If the jury believed that Evans made the reply attributed to him, it was justified in finding that he had guilty knowledge.

After the jury had deliberated for more than two hours, it reported to the court that an eleven to one division had existed for a considerable period of time. The trial judge, upon his own motion, then stated to the jury:

It is important that a jury reach a verdict in the trial of this case. A hung jury means a continuation of the case and a delay in the administration of justice.
Under your oath as jurors you have obligated yourselves to render a verdict in agreement with the law and evidence. In your deliberations you should weigh and discuss the evidence and make every reasonable effort to harmonize your individual views of the merits of the case.
*339Each of you should give due consideration to the views and opinions of the other jurors who disagree with your opinions and views. No juror should surrender his sincere beliefs in order to reach a verdict; to the contrary, the verdict should be the result of each juror’s free and voluntary opinion.
By what I have said as to the importance of the jury reaching] a verdict, I do not intend to suggest or require that you surrender your conscientious convictions, only that each of you make every sincere effort to reach a proper verdict. Therefore, I request the jury retire for further deliberations.
If there are no questions, you may return to the jury room and resume your deliberations.

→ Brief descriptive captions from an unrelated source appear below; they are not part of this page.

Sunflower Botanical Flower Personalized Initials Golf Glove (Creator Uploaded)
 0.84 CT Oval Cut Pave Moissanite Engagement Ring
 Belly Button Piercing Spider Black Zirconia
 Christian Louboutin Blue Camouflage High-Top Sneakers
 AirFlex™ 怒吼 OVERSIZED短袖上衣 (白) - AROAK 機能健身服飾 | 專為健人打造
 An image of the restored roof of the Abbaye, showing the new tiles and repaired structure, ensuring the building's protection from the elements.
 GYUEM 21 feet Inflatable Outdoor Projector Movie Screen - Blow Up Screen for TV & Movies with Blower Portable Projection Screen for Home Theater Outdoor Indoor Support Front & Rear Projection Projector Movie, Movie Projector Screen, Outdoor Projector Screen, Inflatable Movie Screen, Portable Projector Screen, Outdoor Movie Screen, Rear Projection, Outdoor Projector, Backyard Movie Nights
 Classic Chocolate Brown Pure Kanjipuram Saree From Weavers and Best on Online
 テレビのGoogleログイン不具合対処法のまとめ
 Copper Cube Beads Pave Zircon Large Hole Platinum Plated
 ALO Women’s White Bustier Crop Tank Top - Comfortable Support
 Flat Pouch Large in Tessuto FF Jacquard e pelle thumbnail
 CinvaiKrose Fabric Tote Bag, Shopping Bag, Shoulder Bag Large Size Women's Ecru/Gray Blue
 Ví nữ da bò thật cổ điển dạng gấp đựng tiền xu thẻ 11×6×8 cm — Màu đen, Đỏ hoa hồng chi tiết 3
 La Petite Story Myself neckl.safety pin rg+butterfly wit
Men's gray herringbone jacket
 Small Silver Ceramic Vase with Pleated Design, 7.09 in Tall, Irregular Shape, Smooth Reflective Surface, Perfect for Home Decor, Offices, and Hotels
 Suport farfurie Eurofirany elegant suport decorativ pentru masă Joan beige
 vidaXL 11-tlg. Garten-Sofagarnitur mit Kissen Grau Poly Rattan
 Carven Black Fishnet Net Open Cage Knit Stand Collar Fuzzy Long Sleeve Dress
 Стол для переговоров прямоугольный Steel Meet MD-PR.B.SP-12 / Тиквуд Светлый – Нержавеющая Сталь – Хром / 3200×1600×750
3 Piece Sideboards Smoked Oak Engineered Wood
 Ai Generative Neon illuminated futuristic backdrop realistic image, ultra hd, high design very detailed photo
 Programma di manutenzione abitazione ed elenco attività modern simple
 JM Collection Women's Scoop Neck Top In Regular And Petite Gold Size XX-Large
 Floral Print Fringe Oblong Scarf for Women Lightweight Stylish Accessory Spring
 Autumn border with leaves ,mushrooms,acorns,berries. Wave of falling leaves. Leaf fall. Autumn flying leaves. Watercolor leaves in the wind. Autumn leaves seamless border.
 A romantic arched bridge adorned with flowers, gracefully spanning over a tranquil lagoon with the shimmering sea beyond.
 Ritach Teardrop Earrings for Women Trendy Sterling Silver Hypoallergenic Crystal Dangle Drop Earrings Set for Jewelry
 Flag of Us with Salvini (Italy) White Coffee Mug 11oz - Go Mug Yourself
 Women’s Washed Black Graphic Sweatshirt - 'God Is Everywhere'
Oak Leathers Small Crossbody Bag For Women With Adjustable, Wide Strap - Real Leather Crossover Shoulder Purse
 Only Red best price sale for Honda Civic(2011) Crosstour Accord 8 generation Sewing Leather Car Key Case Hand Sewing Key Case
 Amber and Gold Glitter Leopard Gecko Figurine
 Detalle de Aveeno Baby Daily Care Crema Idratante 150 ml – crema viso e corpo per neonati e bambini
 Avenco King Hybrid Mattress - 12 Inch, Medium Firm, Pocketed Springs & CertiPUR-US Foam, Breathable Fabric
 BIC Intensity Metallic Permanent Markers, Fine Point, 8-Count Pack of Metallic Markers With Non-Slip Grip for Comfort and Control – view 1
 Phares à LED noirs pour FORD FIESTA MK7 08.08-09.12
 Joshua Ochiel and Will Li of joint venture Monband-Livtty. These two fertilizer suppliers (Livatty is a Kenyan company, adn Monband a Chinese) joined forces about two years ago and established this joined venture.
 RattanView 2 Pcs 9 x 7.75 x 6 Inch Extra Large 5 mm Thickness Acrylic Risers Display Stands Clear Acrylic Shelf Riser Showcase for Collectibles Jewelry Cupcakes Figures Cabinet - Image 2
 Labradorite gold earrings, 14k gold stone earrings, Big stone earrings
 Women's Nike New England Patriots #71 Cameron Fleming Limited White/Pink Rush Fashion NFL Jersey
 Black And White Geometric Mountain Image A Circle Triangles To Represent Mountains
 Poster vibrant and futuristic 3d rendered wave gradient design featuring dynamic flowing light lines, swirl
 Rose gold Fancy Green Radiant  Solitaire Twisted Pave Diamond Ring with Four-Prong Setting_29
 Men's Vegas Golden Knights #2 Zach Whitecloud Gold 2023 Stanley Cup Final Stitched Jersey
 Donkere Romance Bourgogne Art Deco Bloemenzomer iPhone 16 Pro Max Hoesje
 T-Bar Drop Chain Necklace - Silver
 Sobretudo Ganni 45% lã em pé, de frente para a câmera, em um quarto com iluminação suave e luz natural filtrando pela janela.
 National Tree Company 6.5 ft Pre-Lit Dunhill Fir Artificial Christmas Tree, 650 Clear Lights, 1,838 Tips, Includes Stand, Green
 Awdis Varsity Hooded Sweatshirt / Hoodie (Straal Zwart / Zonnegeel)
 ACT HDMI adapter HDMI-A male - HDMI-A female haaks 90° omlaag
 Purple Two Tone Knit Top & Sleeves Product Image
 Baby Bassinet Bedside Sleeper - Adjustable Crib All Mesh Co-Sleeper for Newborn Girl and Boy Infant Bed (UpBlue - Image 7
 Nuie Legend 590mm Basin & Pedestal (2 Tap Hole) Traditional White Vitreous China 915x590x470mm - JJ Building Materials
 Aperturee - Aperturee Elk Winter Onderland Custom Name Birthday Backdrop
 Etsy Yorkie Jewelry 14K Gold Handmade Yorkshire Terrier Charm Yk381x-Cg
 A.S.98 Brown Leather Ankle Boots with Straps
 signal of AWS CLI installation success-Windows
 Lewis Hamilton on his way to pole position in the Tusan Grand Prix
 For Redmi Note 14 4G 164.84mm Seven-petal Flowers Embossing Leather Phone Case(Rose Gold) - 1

The jury then deliberated for about 30 minutes and reported that a verdict had not been reached and asked instructions. Since it was after 5:00 p.m., the court dismissed the jury for the day, but directed it to resume deliberations at 9:30 the following morning. The verdict was returned after nine minutes’ deliberation on that day. Appellant contends that the instruction given amounted to a directed verdict, and was coercive in nature. We do not agree. An admonition to the jury as to its duty to return a verdict, without any expression of the court’s opinion as to the weight of the evidence, or any change in instructions previously given, or suggestion that any juror yield his individual convictions to reach a verdict is not improper. Hardin v. State, 225 Ark. 602, 284 S.W. 2d 111. Here, the circuit court clearly stated that the verdict should be the result of each juror’s free and voluntary opinion and concluded its remarks with emphasis upon the proposition that no juror should surrender his sincere beliefs in order to reach a verdict, and only suggested that each juror make a sincere effort to reach a verdict. Since a hung jury renders no decision at all, and retrials are grievously burdensome to all concerned and since some jury would have had to reach a decision at some future date, the circuit judge should be commended rather than condemned for the action taken here. We have long recognized *340that it is the duty of a trial judge to make plain the obligation of a jury to arrive at a verdict consistent with the facts and concurring with the individual convictions of each juror. Whitley v. State, 114 Ark. 243, 169 S.W. 952. The court did not advise the jury that there was no conflict in the testimony, or that the law was plain and simple, so that the only thing left to the jurors was embodied in their oath, as was the case in Parker v. State, 130 Ark. 234, 197 S.W. 283, relied upon by appellant. Much stronger admonitions than the one given here have been approved. See McGaha v. State, 216 Ark. 165, 224 S.W. 2d 534; Mynett v. State, 179 Ark. 1199, 18 S.W. 2d 335; Benson v. State, 149 Ark. 633, 233 S.W. 758; Mallory v. State, 141 Ark. 496, 217 S.W. 482.

Since we find no error, the judgment is affirmed.